## INSTRUCTIONS TO FOLLOW
Set out exactly, line by line, the stretch of data below that begins at the line containing "トイプードル(トイ)【茨城県" and ends at the line containing "Stylist Cutting Hair", with both ends kept.

++++ DATA FOR THE TASK

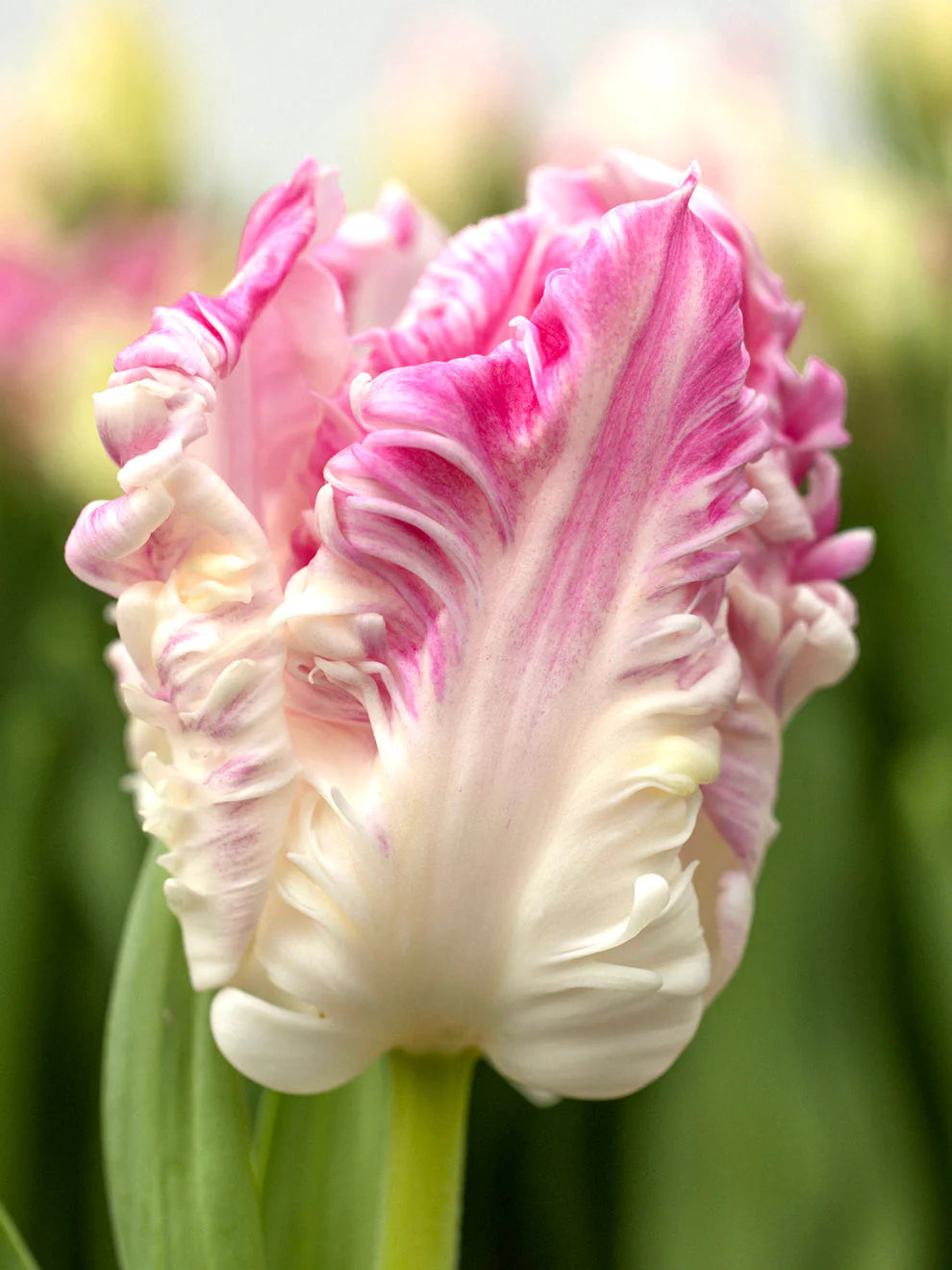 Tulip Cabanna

++++++++
++++ DATA FOR THE TASK

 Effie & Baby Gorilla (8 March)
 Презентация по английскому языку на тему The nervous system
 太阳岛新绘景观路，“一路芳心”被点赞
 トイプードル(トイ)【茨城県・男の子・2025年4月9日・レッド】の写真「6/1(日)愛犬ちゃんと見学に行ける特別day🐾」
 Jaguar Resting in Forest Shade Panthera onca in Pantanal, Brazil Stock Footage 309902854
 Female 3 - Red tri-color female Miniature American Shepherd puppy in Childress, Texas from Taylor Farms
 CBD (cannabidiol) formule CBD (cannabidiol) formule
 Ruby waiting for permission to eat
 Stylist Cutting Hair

++++++++

## FINISHED EXERCISE
 トイプードル(トイ)【茨城県・男の子・2025年4月9日・レッド】の写真「6/1(日)愛犬ちゃんと見学に行ける特別day🐾」
 Jaguar Resting in Forest Shade Panthera onca in Pantanal, Brazil Stock Footage 309902854
 Female 3 - Red tri-color female Miniature American Shepherd puppy in Childress, Texas from Taylor Farms
 CBD (cannabidiol) formule CBD (cannabidiol) formule
 Ruby waiting for permission to eat
 Stylist Cutting Hair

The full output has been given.